An other advantage is that dynamic composition is enabled with object composititon.
The difference with implementation inheritance is called the 'possession
of a common self'. There is no common self to a composition of objects.
This means however that when recursion across multiple objects is achieved,
it needs to be designed in, whereas in the case of implemenatation
inheritance it can be patched in. This is however sometimes called
planned versus unplanned reuse.
XIV. Forwarding versus delegation
Delegation = making object compositon as problematic as implementation
inheritance.
A recent focus of research has been the disciplined use of delegation.
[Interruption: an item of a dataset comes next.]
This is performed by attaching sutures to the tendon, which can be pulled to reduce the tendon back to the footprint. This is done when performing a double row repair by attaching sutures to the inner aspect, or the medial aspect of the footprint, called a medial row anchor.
As delegation can be used to form a common self across webs of objects,
one could term such webs themselves as objects of a higher order. such
'objects' are often called split or fragmented objects.
Aspects of scale and granularity
This relates to the problems posed at IX.
Various criteria are:
-
Units of abstraction
-
Units of accounting
-
Units of analysis
-
Units of compilation
-
Units of delivery
-
Units of dispute
-
Units of extension
-
Units of fault containment
-
Units of instantiation
-
Units of loading
-
Units of locality
-
Units of maintenance
-
Units of system management
Reuse: Patterns, frameworks, architectures
Independenty extensibility clearly relates to effective design reuse.
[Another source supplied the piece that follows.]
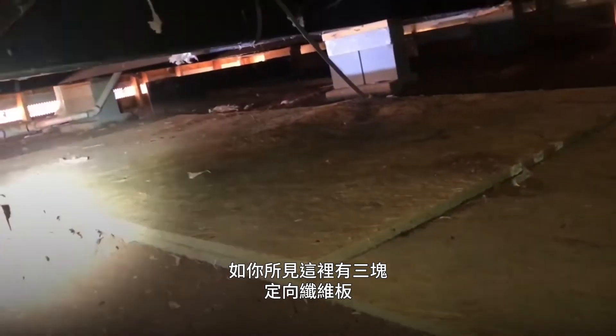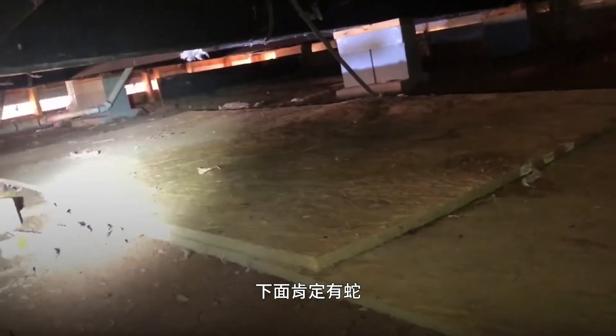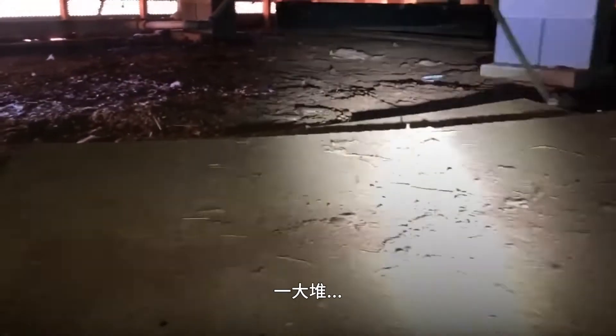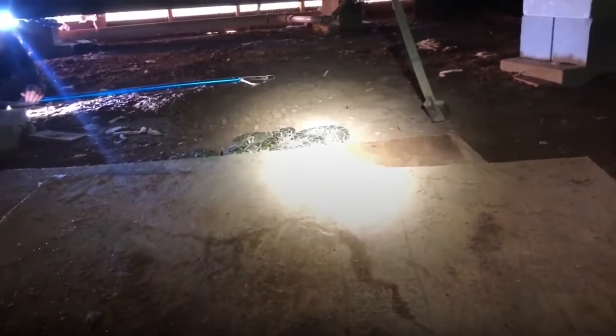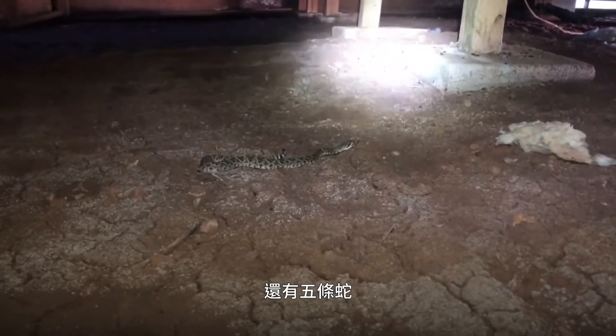As you can see, there are three stacks of OSB board and there are snakes underneath that side for sure. I'm not really sure what's under here yet. A bunch more babies — that's three that I don't know about. We started moving the second board and there are five more snakes to get.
In traditional integrated software design, design experience is probably
the single most value in the basket of reuse ideas. Great designers are
needed. However, the architecture of component-based systems is significantly
more demanding than that of traditional monolithic integrated solutions.
In the context of component software, full comprehension of established
design reuse techniques is most important.
Design reuse can be understood as the attempt to share certain aspects
of an approach across various projects. The following list names some of
the established reuse techniques and for which sharing level they are beste
needed:
-
Sharing consistency: programming languages
-
Sharing concrete solutions fragments: libraries
-
Sharing individual contracts: interfaces
-
Sharing individual interaction architectures: patterns (see Coplien and
Schmidt, 1995; Vlissides et al., 1996)
-
Sharing architectures: frameworks
B. STATE OF THE ART
The various approaches differ in to what an interface connects to. Those
based on traditional object models define a one-one relation between interfaces
and objects. (CORBA). Other approaches associate many interfaces with a
single object(Java) or many interfaces with many objects in a componeny
object (COM).
The OMG way: CORBA and OMA
The Microsoft way: DCOM, OLE and ActiveX
A COM component may for example provide three different interfaces and
may use tow different objects to implement these. What is important, is
that there is no single object identity that ever leaves the component
and represents the entire COM object.
Two important questions are:
-
How does a client learn about other interfaces? by calling the QueryInterface
operation with an GUID interface identifier (IID), uniquely identifying
the requested interface as an argument
-
How does a client compare the identity of COM objects? By a special interface,
IUnknown
Reference counting is done for the COM object in its entirety or separately
for each of its interface nodes.
I. COM object reuse
No implementation inheritance. Support for reuse is provided by
-
Containment: inner - outer object relation
-
Aggregation: an inner object's interface is handed out directly to the
inner object, saving the cost of forwarding.
II. Interfaces and polymorphism
The true nature of polymorpism has nothing to do with interface inheritance,
but is the support of sets of interfaces by COM objects. The type
of a COM object is the set of interface identifiers of the interfaces it
supports. A subtype is a superset of interfaces.
COM defines categories to represent sets of interface indentifiers.
Categories function as contracts. A caegory specifies not only wghich interfaces
must at least be supported, but also which methods in these interfaces
must at least be implemented. This sucks the idea of contracts.
Problem: who maintains the list of categories?